*What needs to be done*
Beginning with the line that has "4X Ultra Silencioso" and ending with the line that has "სალომე სამადაშვილი - თუ", retype the entries below exactly, except for the pictures.

*Records excerpted from a collection*
══════

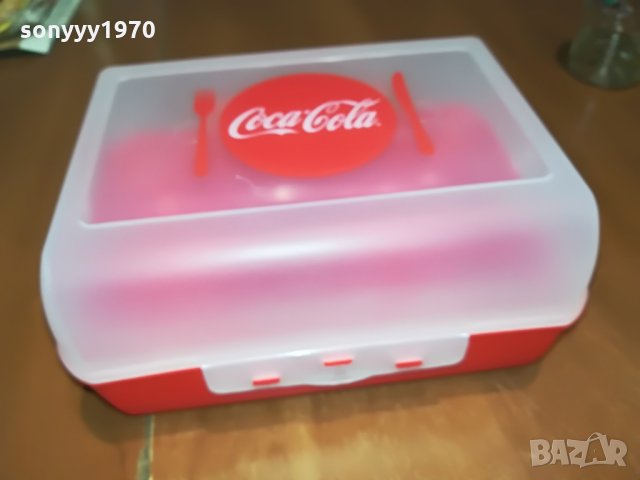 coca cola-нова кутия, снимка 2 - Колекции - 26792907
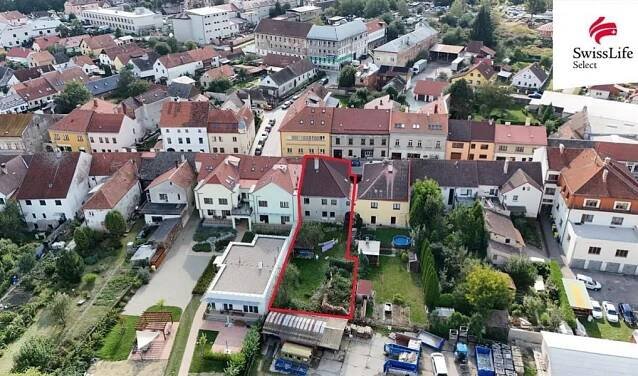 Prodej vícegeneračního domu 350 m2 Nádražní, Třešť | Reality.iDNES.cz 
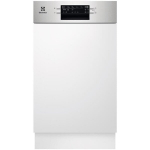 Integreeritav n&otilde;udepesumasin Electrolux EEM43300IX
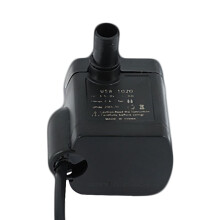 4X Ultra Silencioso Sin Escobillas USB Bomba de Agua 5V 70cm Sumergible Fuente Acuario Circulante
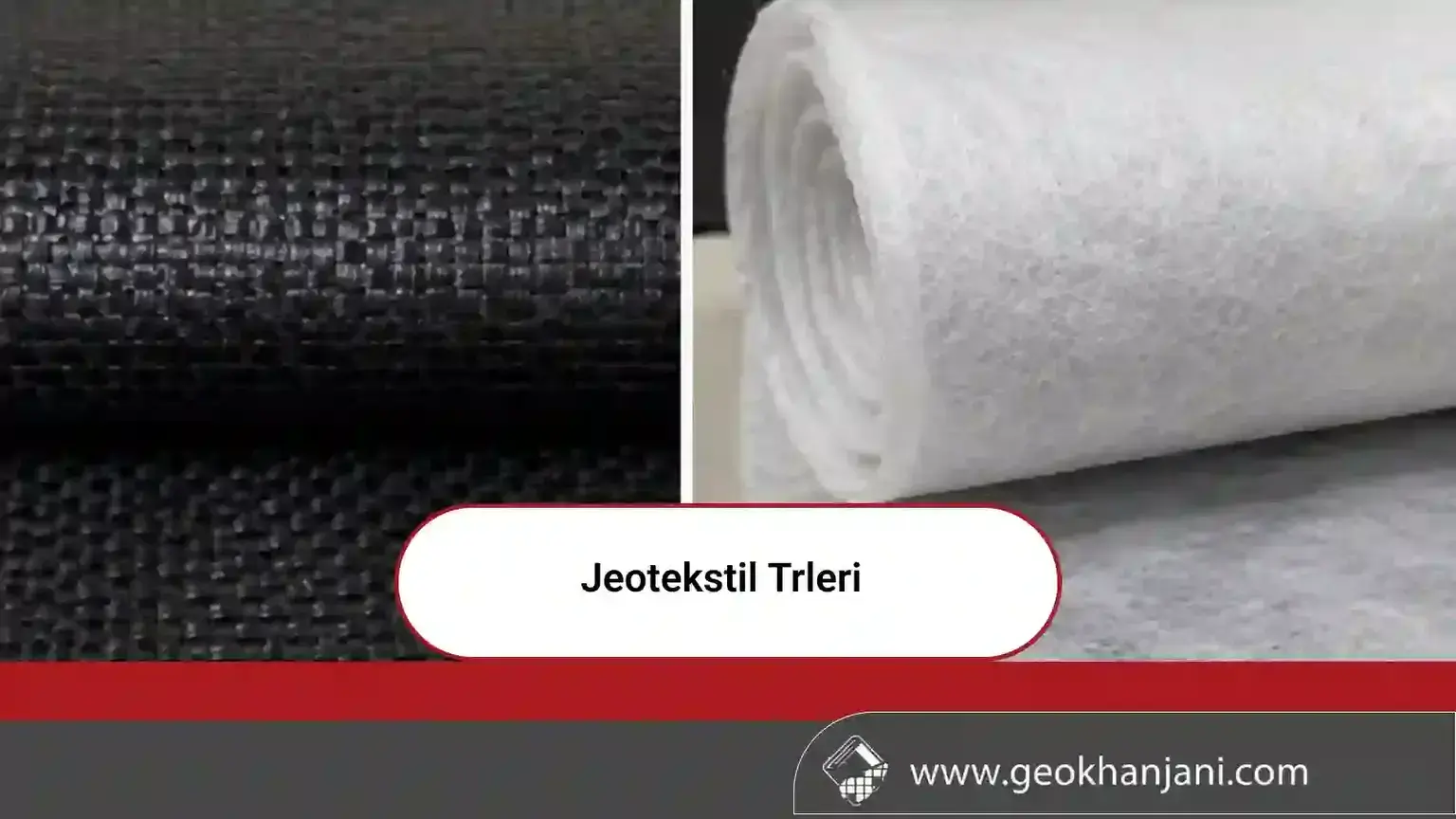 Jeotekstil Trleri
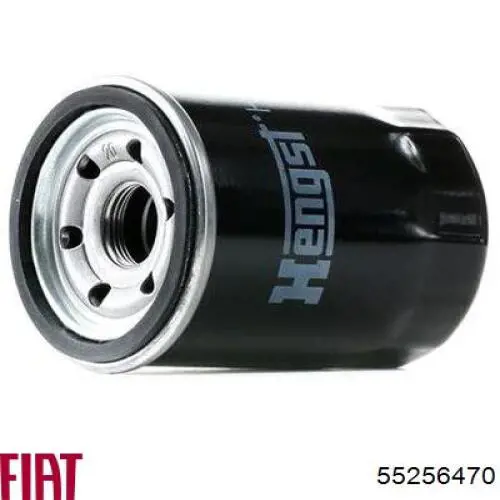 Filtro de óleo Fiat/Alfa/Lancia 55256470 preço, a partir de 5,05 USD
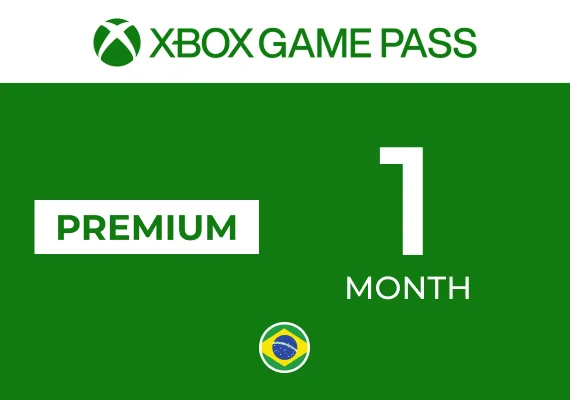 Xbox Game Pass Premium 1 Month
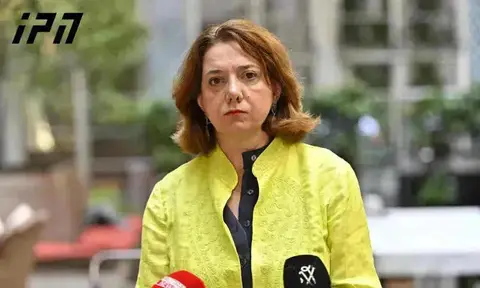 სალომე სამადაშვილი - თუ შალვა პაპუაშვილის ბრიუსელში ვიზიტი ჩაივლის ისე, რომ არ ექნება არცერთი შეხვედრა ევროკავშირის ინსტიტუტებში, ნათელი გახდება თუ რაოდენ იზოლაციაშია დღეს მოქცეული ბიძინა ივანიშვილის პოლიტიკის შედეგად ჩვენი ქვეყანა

══════

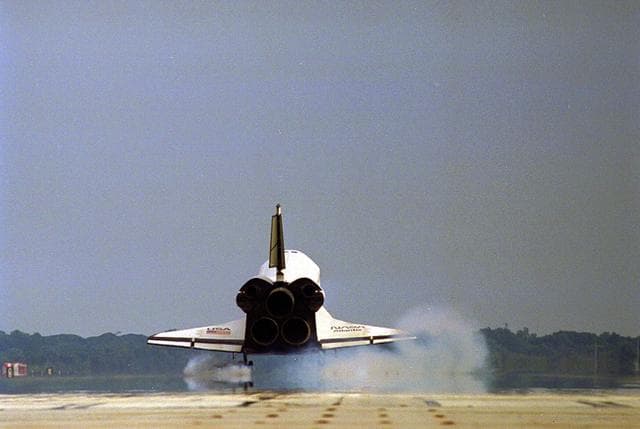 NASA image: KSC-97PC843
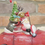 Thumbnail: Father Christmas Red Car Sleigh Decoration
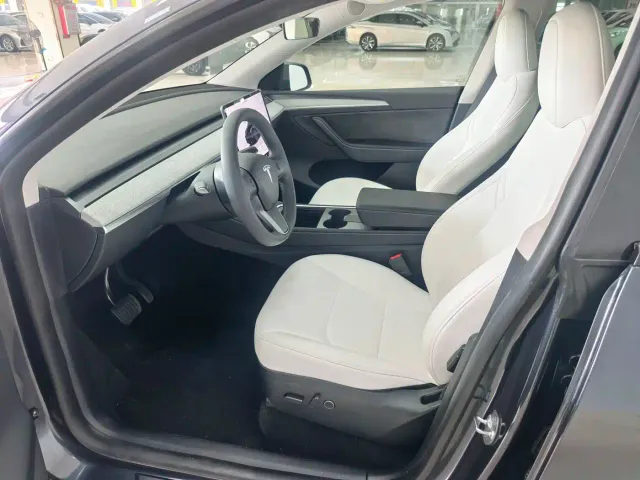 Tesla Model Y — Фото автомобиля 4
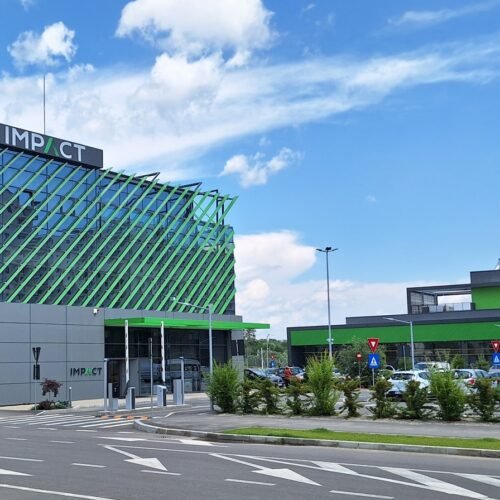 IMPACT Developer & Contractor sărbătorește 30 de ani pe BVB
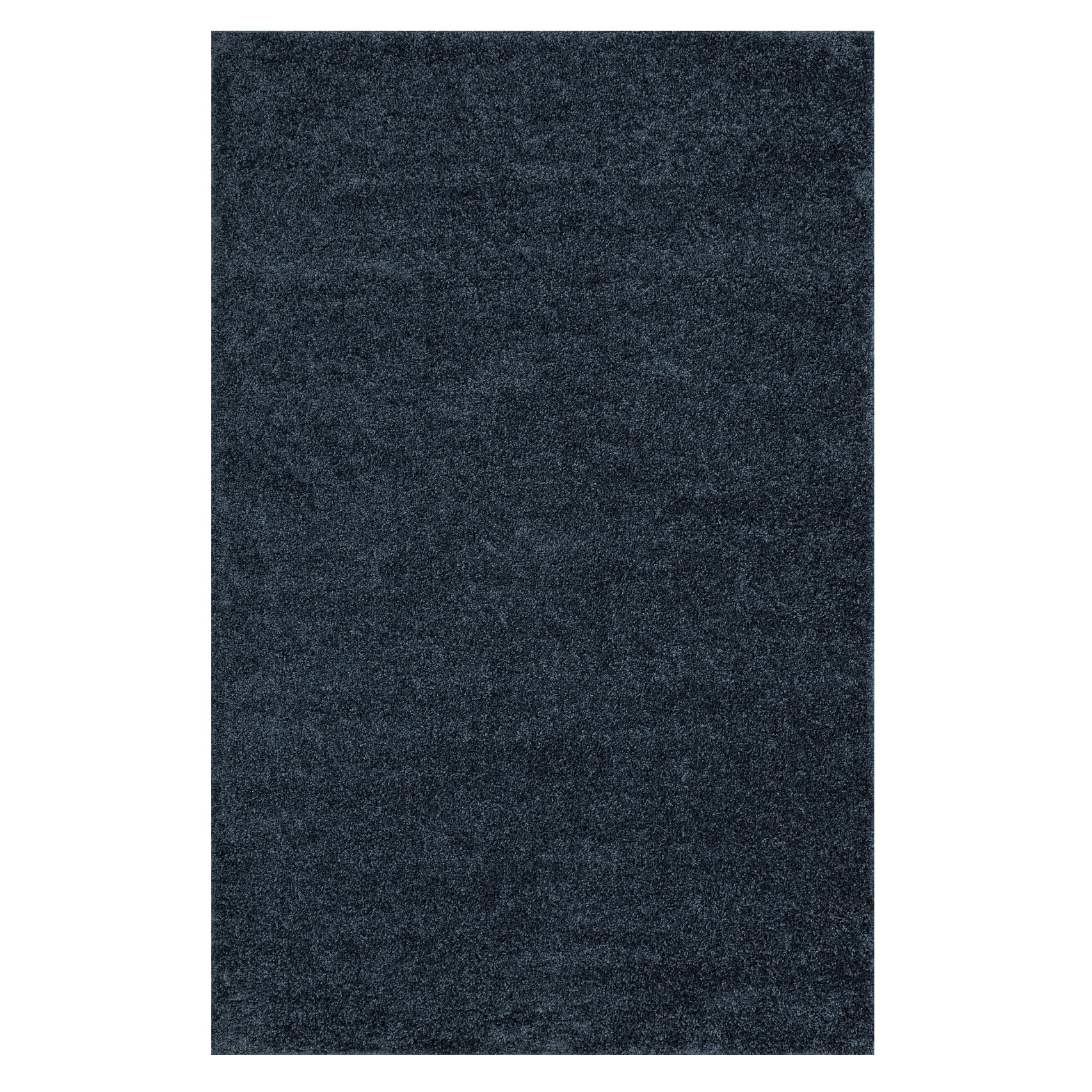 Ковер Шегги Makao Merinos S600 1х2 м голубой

══════

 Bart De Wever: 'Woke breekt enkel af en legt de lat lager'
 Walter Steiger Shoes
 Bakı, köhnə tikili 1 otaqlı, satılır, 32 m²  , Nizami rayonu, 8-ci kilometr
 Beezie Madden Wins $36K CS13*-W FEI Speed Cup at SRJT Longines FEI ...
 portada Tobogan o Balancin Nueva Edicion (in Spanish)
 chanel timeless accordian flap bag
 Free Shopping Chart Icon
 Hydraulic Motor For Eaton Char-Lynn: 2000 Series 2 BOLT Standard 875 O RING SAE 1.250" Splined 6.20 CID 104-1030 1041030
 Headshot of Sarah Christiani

══════

*Response to this task*
 4X Ultra Silencioso Sin Escobillas USB Bomba de Agua 5V 70cm Sumergible Fuente Acuario Circulante
 Jeotekstil Trleri
 Filtro de óleo Fiat/Alfa/Lancia 55256470 preço, a partir de 5,05 USD
 Xbox Game Pass Premium 1 Month
 სალომე სამადაშვილი - თუ შალვა პაპუაშვილის ბრიუსელში ვიზიტი ჩაივლის ისე, რომ არ ექნება არცერთი შეხვედრა ევროკავშირის ინსტიტუტებში, ნათელი გახდება თუ რაოდენ იზოლაციაშია დღეს მოქცეული ბიძინა ივანიშვილის პოლიტიკის შედეგად ჩვენი ქვეყანა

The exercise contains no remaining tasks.